Highlights by Theme#
Recipes & Tutorials#
In 跟师父学鲁菜 | 汤白味鲜,在家也能做传统鲁菜 - 奶汤核桃 #师父和我做鲁菜 #美食教程 #传统鲁菜 by 鲁菜老厨陈宗明, the chef crafts an incredible traditional Lu dish using pork shoulder that is expertly scored and shaped to resemble walnuts. The standout technique here is carefully toasting flour to form the “milky” base of the soup, which perfectly bathes the tender pork, shiitake mushrooms, and bamboo shoots. Over on the 老饭骨 channel, 【國宴大師•炒麻豆腐】固體版本的豆汁?來北京必吃,它算一個!搭配雪裡蕻和青豆,越嚼越上頭~ delivers a fantastic tutorial on Stir-fried Ma Doufu. The state banquet chefs utilize rendered mutton fat and yellow soybean paste—chosen for its lighter color and milder salinity—to build complex, deeply savory flavors into the fermented bean base.
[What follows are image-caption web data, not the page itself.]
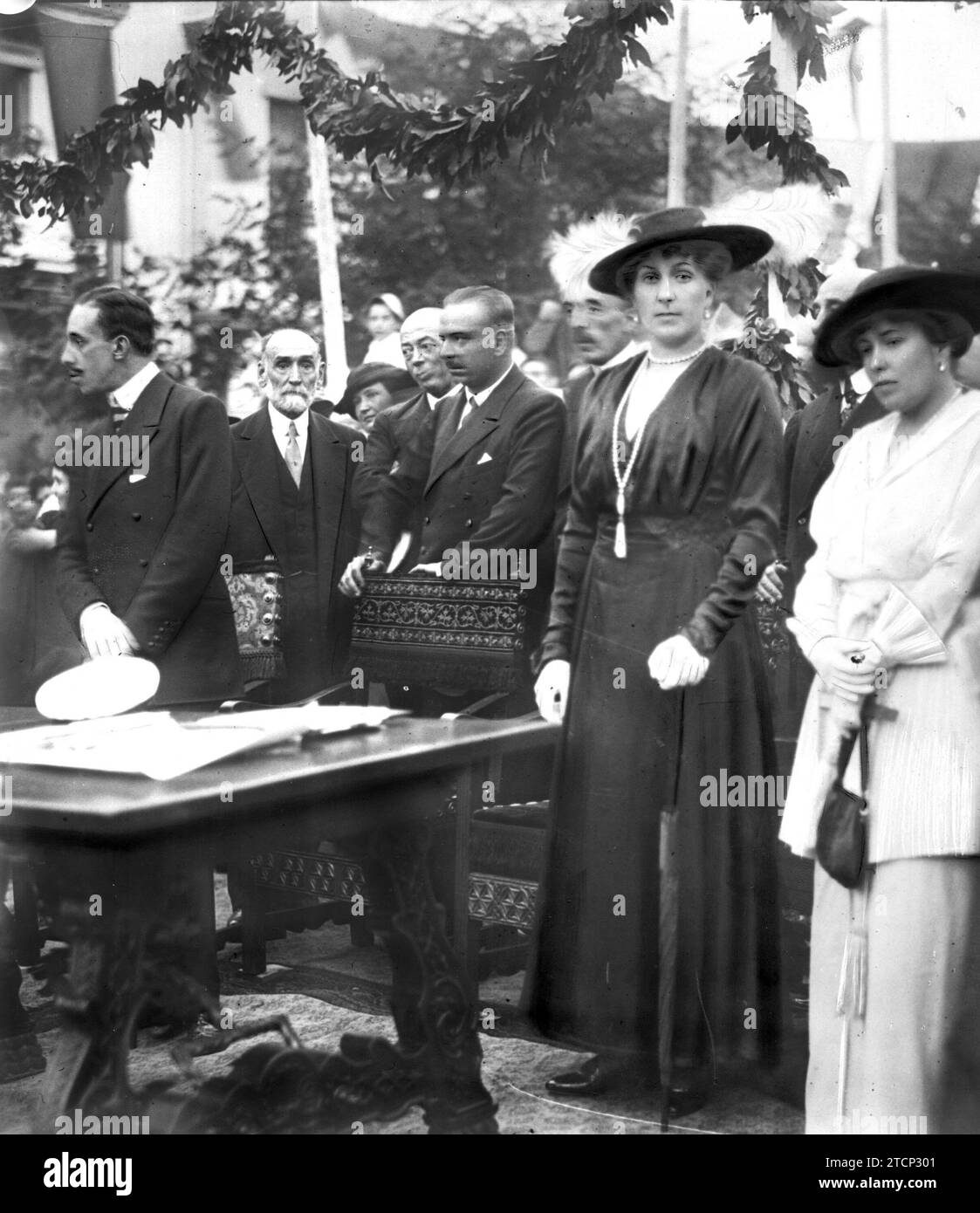 07/31/1915. The Kings in Bilbao. H.H. Mm. with the Princess of Salm-Salm, at the ceremony of laying the first stone of a house in Irala-Harri. Credit: Album / Archivo ABC / Ramón Alba Stock Photo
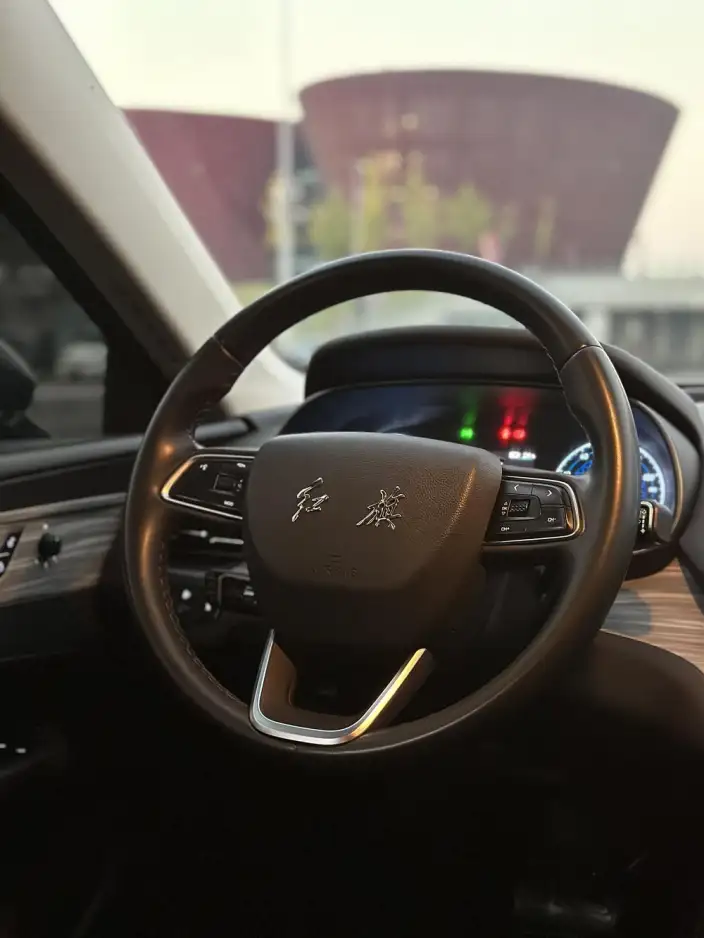 Hongqi E-QM5 2023 Model 560KM PLUS Edition 140kW – фото 8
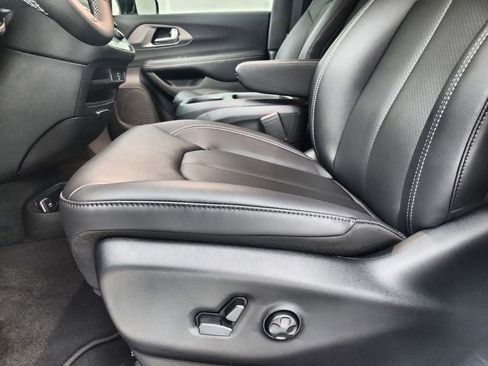 New 2026 Chrysler Pacifica Select image 20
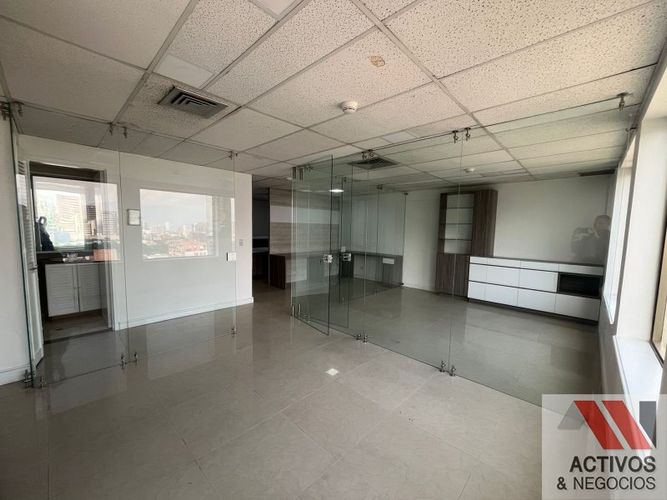 Oficina en arriendo en La Florida, Medellín, 57 m² · foto 5 de 9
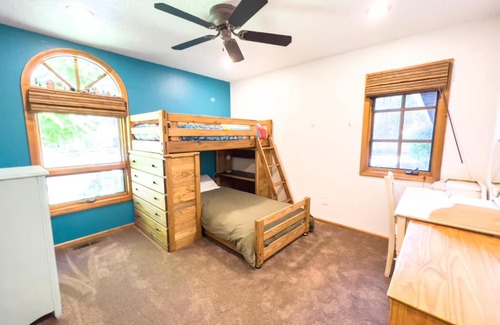 Sisters House | Wagon Wheel Home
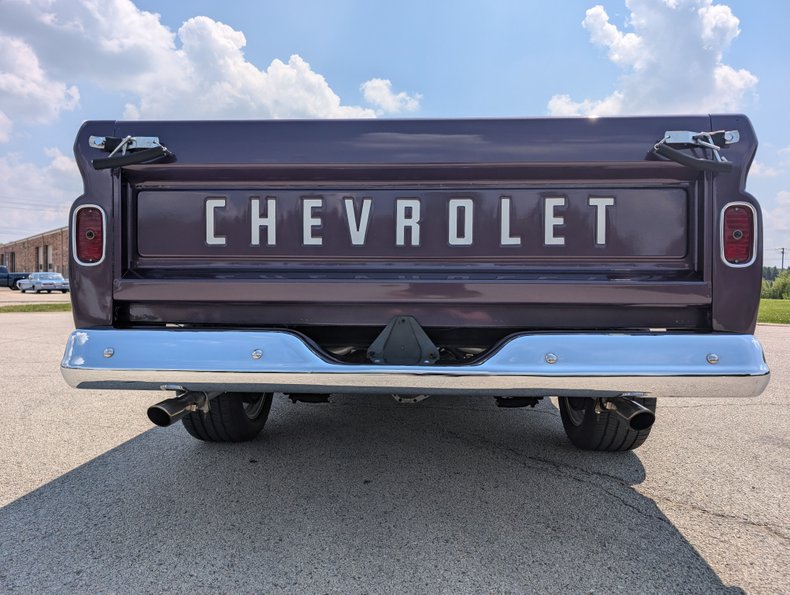 Chevrolet-C10-1965-Purple-Mist-Black-2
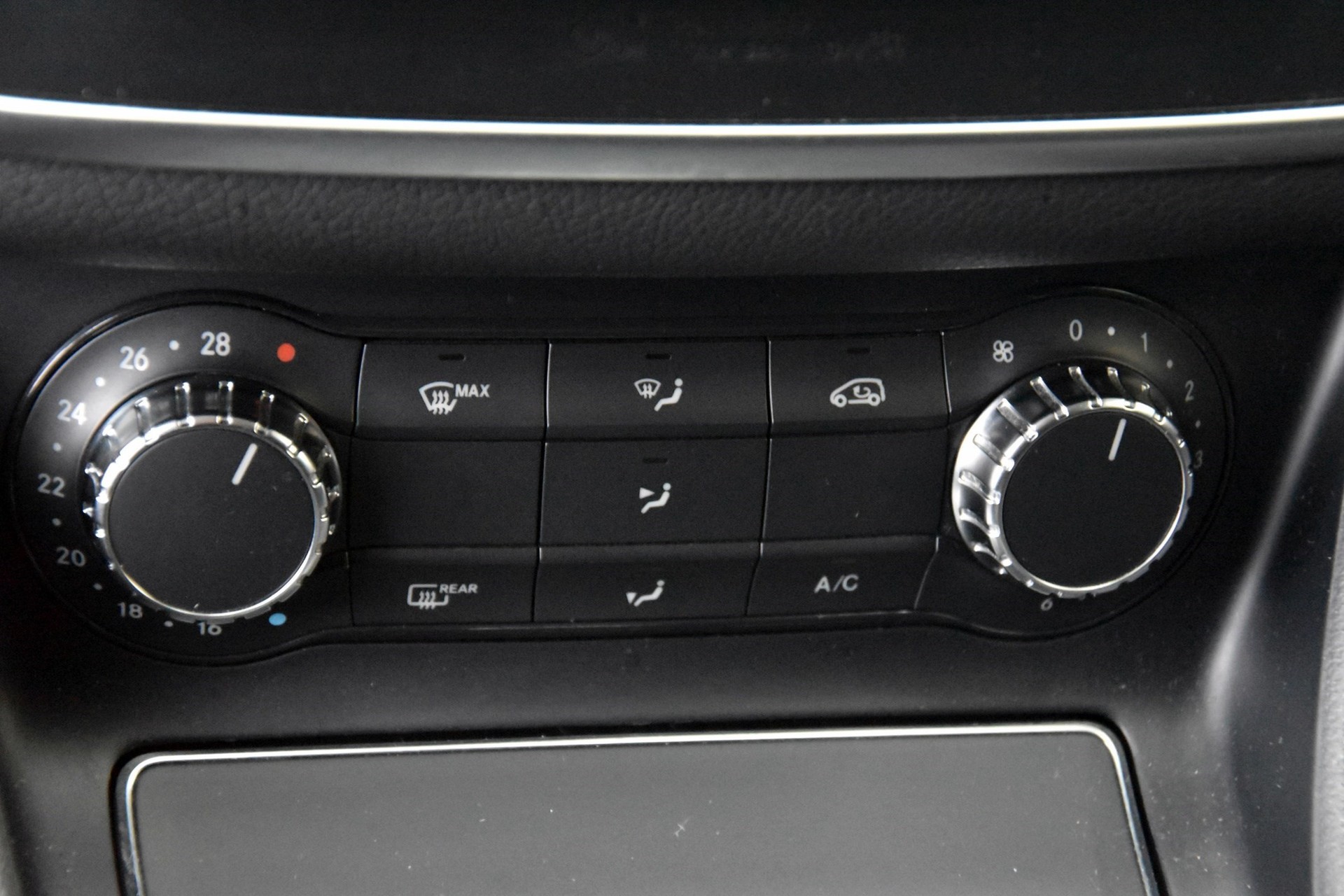 MERCEDES-BENZ CLA 220 Diesel, AMG Line-image-12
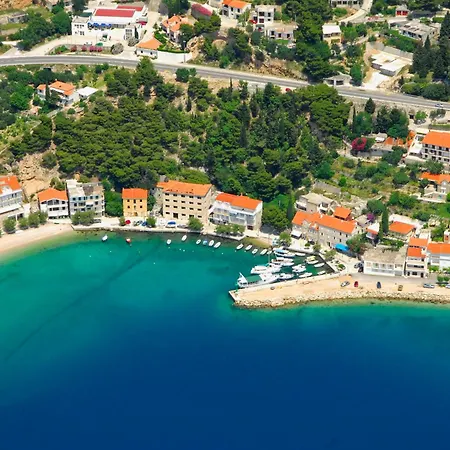 Jolara With Heated Pool Apartment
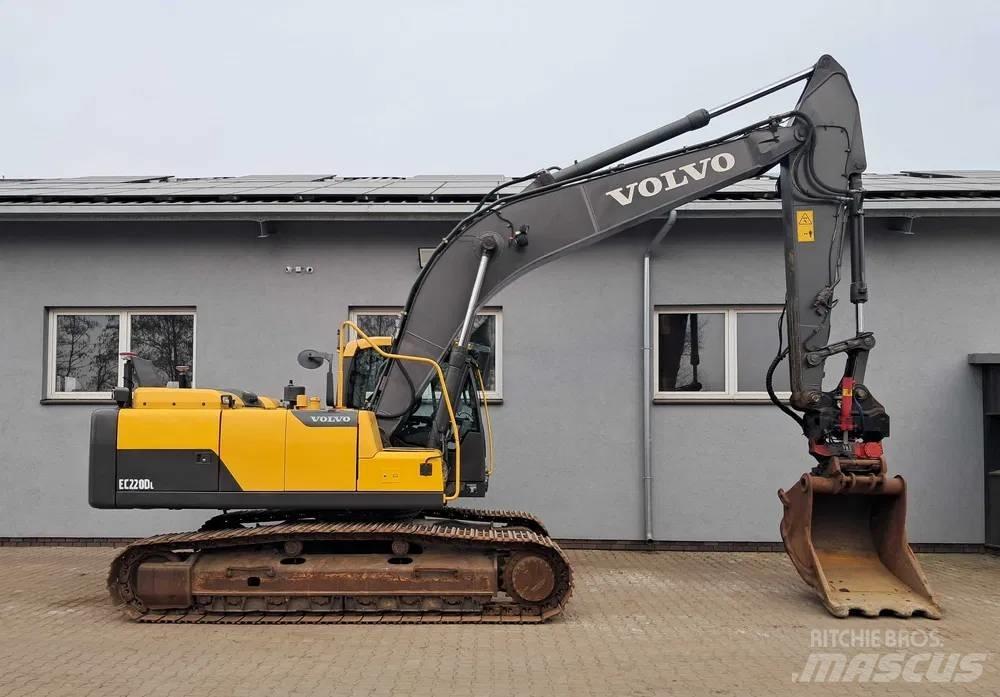 Volvo EC 220 DL Gravemaskiner på larvebånd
For something much lighter, Costco 好市多 provides a brief look at 清蒸檸檬帆立貝 (Steamed Lemon Scallops), offering a straightforward and appetizing seafood preparation.
Food Science & Tips#
Chef Chen drops a crucial temperature control tip for blanching starch-coated meat: keep your water strictly between 80°C and 90°C. If the water is at a rolling boil, the violent agitation will knock the starch right off the meat, but a gentle sub-simmer sets the coating perfectly so the meat stays velvety. He also shares a vital piece of soup science: when making a flour-based milky soup, you must fry the flour until it is slightly yellow and aromatic before adding your high stock, otherwise the raw flour taste will ruin the entire dish.
Restaurant & Travel#
The Ma Doufu video from 老饭骨 serves as a wonderful, appetizing window into old Beijing street food culture. The hosts discuss how Ma Doufu—a fermented mung bean residue left over from making the city’s infamous, pungent Douzhi beverage—is a deeply localized delicacy. They playfully point out that while many tourists can’t stomach liquid Douzhi, this stir-fried solid version is an incredibly savory piece of Beijing food history that out-of-towners genuinely need to try.